10 October 2007

Disclosure



Leaks are part of life here. The back bathroom at my place at Big Pink has been a traditional problem. It is just a shower stall, with quotation pink tile in the 1960s manner. It dos not have the tremendous pressure of the one located above the tub in the real bath, and the controls are finicky.

One eight of an inch, one way or another, and you can go from freezing to scalding. I only use it when there are guests in the house and I defer to their needs. Since I use it so seldom, it came as a surprise that the seal on the drain had been breached, and my soapy water was gradually seeping into the plaster ceiling of the fellow who owns the unit one floor down.

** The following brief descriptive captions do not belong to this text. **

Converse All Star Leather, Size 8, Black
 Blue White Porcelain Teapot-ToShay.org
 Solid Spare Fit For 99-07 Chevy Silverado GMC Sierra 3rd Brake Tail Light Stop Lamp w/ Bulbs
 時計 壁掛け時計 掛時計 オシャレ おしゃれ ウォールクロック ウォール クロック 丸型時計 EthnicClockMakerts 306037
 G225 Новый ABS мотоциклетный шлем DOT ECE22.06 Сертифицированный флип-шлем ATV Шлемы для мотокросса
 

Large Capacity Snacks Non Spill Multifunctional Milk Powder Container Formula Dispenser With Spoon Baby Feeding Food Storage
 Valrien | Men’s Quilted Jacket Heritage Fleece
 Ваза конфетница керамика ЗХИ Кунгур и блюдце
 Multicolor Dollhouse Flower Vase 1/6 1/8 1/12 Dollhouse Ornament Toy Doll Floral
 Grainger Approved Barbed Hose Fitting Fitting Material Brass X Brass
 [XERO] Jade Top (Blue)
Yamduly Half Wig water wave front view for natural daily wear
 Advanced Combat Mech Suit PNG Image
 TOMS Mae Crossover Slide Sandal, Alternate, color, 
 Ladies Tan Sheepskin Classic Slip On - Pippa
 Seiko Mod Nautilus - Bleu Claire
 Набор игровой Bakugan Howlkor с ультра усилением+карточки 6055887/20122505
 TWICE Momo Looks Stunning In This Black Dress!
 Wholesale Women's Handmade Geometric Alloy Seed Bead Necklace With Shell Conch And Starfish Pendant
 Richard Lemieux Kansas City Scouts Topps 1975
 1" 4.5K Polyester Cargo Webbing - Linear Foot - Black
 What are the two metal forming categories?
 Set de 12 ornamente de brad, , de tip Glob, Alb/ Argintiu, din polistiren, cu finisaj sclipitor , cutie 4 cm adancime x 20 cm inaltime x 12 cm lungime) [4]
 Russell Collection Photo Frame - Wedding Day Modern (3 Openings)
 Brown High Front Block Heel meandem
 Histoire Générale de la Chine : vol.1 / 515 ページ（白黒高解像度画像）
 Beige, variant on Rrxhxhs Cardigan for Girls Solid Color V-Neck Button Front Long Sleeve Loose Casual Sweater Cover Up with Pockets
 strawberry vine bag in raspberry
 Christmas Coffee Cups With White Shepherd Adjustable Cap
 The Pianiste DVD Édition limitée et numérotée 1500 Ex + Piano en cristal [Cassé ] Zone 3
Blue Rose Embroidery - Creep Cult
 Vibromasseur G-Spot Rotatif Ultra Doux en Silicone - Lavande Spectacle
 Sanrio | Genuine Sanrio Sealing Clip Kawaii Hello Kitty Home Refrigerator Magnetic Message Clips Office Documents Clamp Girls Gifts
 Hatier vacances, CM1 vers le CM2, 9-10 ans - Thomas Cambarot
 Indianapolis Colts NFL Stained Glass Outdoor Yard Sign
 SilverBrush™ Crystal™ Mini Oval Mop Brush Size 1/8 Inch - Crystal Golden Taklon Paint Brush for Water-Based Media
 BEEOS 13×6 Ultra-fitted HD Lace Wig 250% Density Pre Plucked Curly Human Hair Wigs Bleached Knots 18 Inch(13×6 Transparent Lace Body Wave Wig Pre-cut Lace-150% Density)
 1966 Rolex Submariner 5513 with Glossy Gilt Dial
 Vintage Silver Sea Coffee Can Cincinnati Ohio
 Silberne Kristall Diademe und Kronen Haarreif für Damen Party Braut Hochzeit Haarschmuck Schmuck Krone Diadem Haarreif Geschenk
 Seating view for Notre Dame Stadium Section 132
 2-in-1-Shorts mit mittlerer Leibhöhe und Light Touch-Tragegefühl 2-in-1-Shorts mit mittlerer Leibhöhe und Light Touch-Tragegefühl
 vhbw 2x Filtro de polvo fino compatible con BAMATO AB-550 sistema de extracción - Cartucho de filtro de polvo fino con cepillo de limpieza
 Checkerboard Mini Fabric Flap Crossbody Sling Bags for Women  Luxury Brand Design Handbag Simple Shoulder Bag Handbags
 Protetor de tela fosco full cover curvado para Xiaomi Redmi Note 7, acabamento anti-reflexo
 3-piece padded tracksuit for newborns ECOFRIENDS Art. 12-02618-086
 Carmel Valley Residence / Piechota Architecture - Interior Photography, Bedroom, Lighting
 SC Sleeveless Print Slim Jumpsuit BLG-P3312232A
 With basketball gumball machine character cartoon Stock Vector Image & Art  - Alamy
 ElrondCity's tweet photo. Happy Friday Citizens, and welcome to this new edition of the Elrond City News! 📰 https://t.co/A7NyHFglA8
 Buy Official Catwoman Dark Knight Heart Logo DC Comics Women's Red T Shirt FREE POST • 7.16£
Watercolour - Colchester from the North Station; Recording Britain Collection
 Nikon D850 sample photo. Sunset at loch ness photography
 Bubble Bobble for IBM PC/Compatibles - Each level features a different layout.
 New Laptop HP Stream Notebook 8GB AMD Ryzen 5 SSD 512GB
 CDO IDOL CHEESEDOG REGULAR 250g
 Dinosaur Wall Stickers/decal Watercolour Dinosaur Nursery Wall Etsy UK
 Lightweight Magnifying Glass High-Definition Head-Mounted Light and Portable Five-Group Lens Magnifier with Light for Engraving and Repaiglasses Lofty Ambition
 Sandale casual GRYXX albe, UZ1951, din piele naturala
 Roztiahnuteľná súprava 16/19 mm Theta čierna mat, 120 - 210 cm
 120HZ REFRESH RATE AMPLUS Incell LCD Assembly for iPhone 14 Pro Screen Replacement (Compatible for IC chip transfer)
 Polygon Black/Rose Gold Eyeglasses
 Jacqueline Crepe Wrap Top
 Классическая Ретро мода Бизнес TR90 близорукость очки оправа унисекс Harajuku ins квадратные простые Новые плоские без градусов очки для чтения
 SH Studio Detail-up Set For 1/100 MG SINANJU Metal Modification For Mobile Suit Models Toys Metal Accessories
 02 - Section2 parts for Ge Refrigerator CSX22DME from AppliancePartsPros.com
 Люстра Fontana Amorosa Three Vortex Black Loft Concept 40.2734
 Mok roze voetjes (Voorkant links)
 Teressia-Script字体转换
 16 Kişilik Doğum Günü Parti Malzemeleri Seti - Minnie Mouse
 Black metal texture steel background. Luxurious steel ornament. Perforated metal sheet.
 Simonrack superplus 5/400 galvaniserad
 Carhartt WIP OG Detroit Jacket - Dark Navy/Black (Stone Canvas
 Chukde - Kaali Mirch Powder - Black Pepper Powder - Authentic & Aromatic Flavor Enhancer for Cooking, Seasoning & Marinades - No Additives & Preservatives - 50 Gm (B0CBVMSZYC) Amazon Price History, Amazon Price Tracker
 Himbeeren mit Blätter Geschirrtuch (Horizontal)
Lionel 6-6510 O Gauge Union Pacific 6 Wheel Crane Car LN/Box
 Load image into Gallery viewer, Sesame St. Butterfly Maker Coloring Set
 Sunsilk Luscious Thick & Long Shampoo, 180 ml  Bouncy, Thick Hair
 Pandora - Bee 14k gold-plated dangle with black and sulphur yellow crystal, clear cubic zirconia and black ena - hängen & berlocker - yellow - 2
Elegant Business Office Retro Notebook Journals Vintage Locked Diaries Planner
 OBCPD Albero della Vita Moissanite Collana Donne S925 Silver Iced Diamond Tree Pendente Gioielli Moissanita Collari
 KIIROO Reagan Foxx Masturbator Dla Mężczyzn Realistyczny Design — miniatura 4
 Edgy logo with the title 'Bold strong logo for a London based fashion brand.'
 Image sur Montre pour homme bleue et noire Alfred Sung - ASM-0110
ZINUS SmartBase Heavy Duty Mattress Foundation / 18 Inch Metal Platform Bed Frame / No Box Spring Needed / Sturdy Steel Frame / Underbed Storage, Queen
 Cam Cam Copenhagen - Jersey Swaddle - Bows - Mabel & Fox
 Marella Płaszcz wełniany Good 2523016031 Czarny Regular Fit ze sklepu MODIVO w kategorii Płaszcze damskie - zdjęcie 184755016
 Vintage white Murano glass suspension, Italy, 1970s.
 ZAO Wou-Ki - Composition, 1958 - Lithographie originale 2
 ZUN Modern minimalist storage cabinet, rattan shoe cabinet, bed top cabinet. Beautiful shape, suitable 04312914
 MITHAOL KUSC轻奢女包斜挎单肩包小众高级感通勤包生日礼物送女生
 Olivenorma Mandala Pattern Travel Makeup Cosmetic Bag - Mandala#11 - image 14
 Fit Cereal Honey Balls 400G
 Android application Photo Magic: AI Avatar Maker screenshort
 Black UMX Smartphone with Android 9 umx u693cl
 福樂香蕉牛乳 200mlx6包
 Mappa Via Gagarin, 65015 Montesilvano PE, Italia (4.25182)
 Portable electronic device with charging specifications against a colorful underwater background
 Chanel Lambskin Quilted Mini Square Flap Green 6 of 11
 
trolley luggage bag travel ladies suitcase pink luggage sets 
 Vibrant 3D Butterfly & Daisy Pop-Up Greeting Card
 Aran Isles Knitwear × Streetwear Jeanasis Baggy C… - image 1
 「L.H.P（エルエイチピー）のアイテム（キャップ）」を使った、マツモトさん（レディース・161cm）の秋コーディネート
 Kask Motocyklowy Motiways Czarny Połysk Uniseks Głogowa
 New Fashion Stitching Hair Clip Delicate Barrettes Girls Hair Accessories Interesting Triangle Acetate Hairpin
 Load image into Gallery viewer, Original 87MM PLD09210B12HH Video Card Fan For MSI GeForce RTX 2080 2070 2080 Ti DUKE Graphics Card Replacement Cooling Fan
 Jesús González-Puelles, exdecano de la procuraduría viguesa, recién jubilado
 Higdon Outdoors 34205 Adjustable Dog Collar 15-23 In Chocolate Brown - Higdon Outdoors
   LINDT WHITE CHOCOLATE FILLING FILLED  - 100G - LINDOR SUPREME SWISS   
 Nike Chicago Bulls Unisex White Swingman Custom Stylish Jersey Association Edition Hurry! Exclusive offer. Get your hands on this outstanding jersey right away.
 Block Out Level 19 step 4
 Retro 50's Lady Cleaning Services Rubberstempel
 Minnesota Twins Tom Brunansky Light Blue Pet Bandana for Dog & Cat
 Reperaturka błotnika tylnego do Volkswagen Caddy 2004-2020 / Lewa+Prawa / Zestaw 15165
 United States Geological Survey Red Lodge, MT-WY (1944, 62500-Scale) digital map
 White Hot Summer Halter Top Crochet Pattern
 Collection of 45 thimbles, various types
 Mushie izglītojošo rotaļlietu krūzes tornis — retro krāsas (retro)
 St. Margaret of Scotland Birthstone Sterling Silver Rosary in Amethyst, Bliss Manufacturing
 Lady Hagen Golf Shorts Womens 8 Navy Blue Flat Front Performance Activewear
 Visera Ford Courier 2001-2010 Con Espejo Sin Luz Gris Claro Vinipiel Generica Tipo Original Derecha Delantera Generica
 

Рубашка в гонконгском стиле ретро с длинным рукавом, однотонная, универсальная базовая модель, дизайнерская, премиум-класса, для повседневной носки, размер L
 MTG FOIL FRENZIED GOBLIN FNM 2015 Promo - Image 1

It was unfortunate the way the moisture collected, and that his ceiling collapsed in muddy white plaster all over his sink and commode. But that is the effect of a leak, I suppose, and I find myself looking up in the bathroom more than I used to, looking for bulges.

The White House is another source of leaks, though it is institutional rather than a function of the drains. It is certainly not the only source, of course. There are two leaks that are most curious. They are both about things from the Middle East, and the great struggle that is in progress.

The White House leak concerned the most recent Osama bin Ladin videotape. It was big news that the lanky mass-murderer chose to address the West, since he hadn't seen fit to talk to us in almost three years. The other leak is about the continuing story of how the Israelis whacked the Syrians from the air back in September.

No one is talking about the strike, not officially, but how they came and went unscathed reportedly has Iran quivering in apprehension, and some Russian air defense technicians dropping their tools and getting on flights back home.

The White House leak is the most embarrassing, since it means the loss of a sensitive source of information. Rita Katz is the person who got burned by the amateurs. She is a fascinating woman; the short story of her life was subject of an extended article in the New Yorker last year.

The short version is this: Rita has traveled far. She has journeyed across time and space, from Iraqi refugee of Saddam to Israeli housewife, then morphing to become a hunter of terrorists from her adopted home in America.

She does it in person, and now that she is well known, mostly from the net. She runs a private intelligence organization known as SITE, short for the Search for International Terrorist Entities. It is a boutique market, but one that has taken off big time since 9/11.
In the queer asymmetric world of the jihadis, the internet has become the command-and-control means of choice, replacing coded messages and desperate couriers.

It is very much like Lenin's ironic comment about the bankers of the West, and the noose with which he intended to hang them.

He had no idea that they would loan him the money to buy the rope.

Likewise, the Department of Defense begat the internet, and the internet begat the pass-word protected chat-rooms and instant messages that the terrorists use for decentralized command and control of their world-wide operations.

Rita is in the business of tracking the bad guys on the net; her fluency in Arabic is the coin by which she gains admittance. She copies what the earnest fighters and wannabees say to one another, transcribes the training manuals for bombs and wild target schemes, and provides them to her customers in business and the government.

She managed to snag a copy of Osama's video on one of the protected web sites days ahead of the intended release date, which could have been the anniversary of 9/11. She provided it to the White House and the National Counterterrorism Center (NCTC) as a gesture of good will, on the provision that it remain confidential.

Her motivation is either pure or not, depending on what you think of her work, but what happened next is the embarrassing part.

According to press reports, the video was immediately downloaded by dozens of computers in the Pentagon and the intelligence community, and it was on Fox News by the afternoon cycle.

Rita complained bitterly to the Washington Post later, since she says that once the jihadis realized they were compromised, all the URL's that SITE monitors began to wink off in rapid succession. It will take years to get back the access she had, if ever.

It was lost due to bungling and self-aggrandizement by the Administration and amatuer hour at the NCTC.

Maybe true, and maybe not. Sometimes leaks are for the purpose of misdirection, insiders turning things upside-down and outside-in for purposes known only to themselves.

But in this case, I think I agree with Ms. Katz. The damage done by eager beavers seeking a momentary blip of fame has destroyed billions or dollars worth of technical intelligence penetration.

It takes so long to get into something, and it is so easy to be caught and thrown out.

That is what is so very curious about the other leak, the one about the electronic countermeasures that may have allowed the Israeli F-15s to streak across Syrian skies, invisible, and to cause the Iranians to freak out about the prospects for a raid on their nuclear sites. The development of that capability undoubtedly cost the US Taxpayers a lot of cash- and the disclosure of it may turn it into additional billions dumped out the window.

But more about that tomorrow. I have had guests here at Big Pink, and using the back bathroom to be polite. The guy downstairs is banging on his ceiling. He seems to be trying to get my attention.